这下轮到连景龙茫然了:“什么?!”


    庞武经过一番脑补已经逻辑自洽了,抓着连景龙的手用力摇晃:“同志,要不是你,我可能就死在邪教老巢里了!你送的牛舌饼是我吃过的最好吃的东西!”


    他先把锦旗塞进连景龙手里,紧接着掏出一个红包,在连景龙魂飞魄散的惨叫里开始往连景龙怀里塞,神神秘秘道:“这是我用金豆换出来的一部分钱,我不能都拿……”


    什么金豆?


    等等,金豆!


    连景龙:“拿开!拿开!我们人民警察不收群众的一针一线……拿开啊!”


    同事们惊慌失措地开始拔河:“使不得啊同志!”


    庞武抓着连景龙的制服外套:“应该的!”


    连景龙:“不应该!”


    他的编制!


    他只是随便骂两句,没说真的不想干了!


    ……


    下了晚自习之后,简宿年难得没有直接回家,而是拐进回家路上的一栋百货大楼里。
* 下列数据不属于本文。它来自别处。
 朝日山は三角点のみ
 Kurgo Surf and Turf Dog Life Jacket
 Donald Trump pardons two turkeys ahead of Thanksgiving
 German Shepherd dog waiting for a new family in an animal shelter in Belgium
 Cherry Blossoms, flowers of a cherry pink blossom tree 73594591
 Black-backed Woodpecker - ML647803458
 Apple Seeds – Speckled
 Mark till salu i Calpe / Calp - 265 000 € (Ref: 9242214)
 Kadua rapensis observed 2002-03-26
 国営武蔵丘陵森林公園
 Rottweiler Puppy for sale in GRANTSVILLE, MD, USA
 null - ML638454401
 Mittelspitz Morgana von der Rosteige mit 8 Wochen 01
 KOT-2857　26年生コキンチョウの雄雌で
    作为一个高中生,简宿年的自由度可以说相当高了——简奶奶定期给简宿年发零花钱,也从不收简宿年的工资。


    黑月拉开拉链,冒出一点来观察世界。


    虽然这些地方,祂在太空里已经见过无数遍,但还是第一次身在其中。


    “你要买什么?”


    黑月兴致勃勃地询问。


    简宿年走进一家箱包门店,轻声道:“给你换个漂亮的,软一点的书包,好不好?”


    黑月更挤出来一点,反正祂长得像个毛绒抱枕,只要不乱动,一般没人会注意到祂。


    简宿年选的这家箱包品牌虽然不是什么奢侈品,但也算得上颇有名气,属于简宿年以前绝对不会进的门店。


    销售看了眼简宿年的学生打扮,没有过来。


    简宿年松了口气,他很不习惯太热情的销售员,这种懒得搭理的状态最好了。


    黑月兴致勃勃地看过去,在这个两千块就算不错收入的年代,店里连一个钱包都是三位数起步。


    简宿年小声问:“你喜欢哪个?”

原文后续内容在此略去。